Драгоценная книга царя Алексея Михайловича, глаголемая: «Урядник:
новое уложение и устроение чина сокольничья пути», показывает,
как великолепно убирали соколов и кречетов: «И мало по-норовя,
подсокольничий молвит: начальные, время наряду и час красоте.
И начальные емлют со стола наряд: первый, Парфентий, возьмет
клобучок, по бархату червчатому шит серебром с совкою нарядною;
вторый, Михей, возьмет колокольцы серебряны, позолочены; третий,
Леонтий, возьмет обнасцы и должик (должник) тканые с золотом
волоченым.
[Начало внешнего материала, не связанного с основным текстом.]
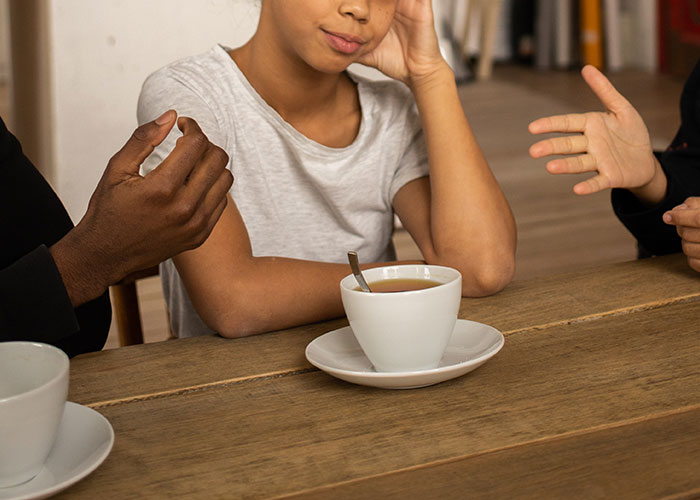 "Delulu" Stepmom Is So Convinced Stepdaughter Will Give Her Baby To Her, She Has The Nursery Ready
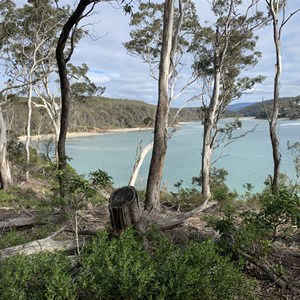 Beach View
И уготовав весь наряд на руках, подошед к подсокольничему,
начальные сокольники наряжают кречета». Очевидно, что колокольцы
(бубенчики) всякий раз, когда нужно, привязывались к ногам ловчих
птиц.) наглухо прикрепленному к кожаной рукавице или перчатке
с правой руки, на которой всегда будет сидеть выученный ястреб.
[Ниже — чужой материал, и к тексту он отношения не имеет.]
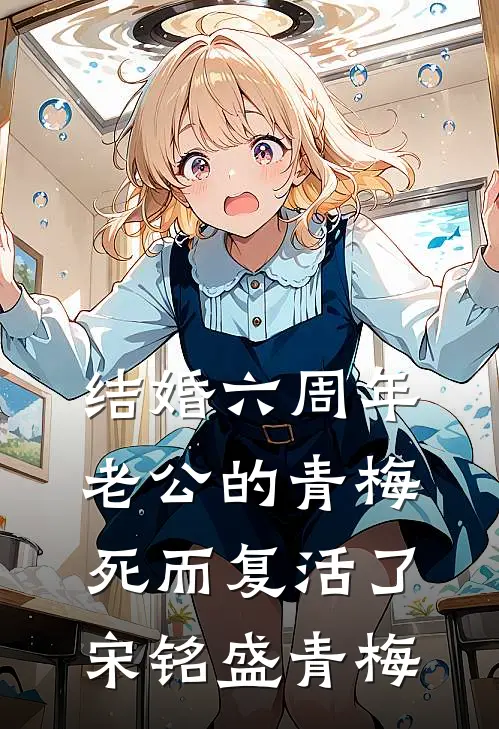 结婚六周年，老公的青梅死而复活了宋铭盛青梅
В это же время прикрепляют к ястребу бубенчик, в чем хотя нет
необходимости, но что на охоте бывает очень полезно. Дутый медный
бубенчик, величиною с крупный русский орех или несколько побольше,
но круглый, звонкий и легкий, пришпиливается в хвосте, для чего
надобно взять ястреба в обе руки, а другому охотнику разобрать
бережно хвост на две равные половинки и, отступя на вершок от
репицы, проколоть одно из средних хвостовых перьев посредине
обыкновенной медной булавкой; на нее надеть за ушко бубенчик,
острый конец воткнуть в другое среднее соседнее перо и вогнать
булавку до самой головки; она будет так крепко держаться, что
точно врастет в перо; иногда ушко бубенчика отломится, а булавка
останется навсегда. Прежде охотники привязывали бубенчик к ноге;
но этот способ несравненно хуже: бубенчик будет беспрестанно
за что-нибудь задевать и как раз сломается; когда же ястреб
с перепелкой сядет в траву или в хлеб, то звука никакого не
будет; а бубенчик в хвосте, как скоро ястреб начнет щипать птицу,
при всяком наклонении головы и тела станет звенеть и дает о
себе знать охотнику, в чем и заключается вся цель.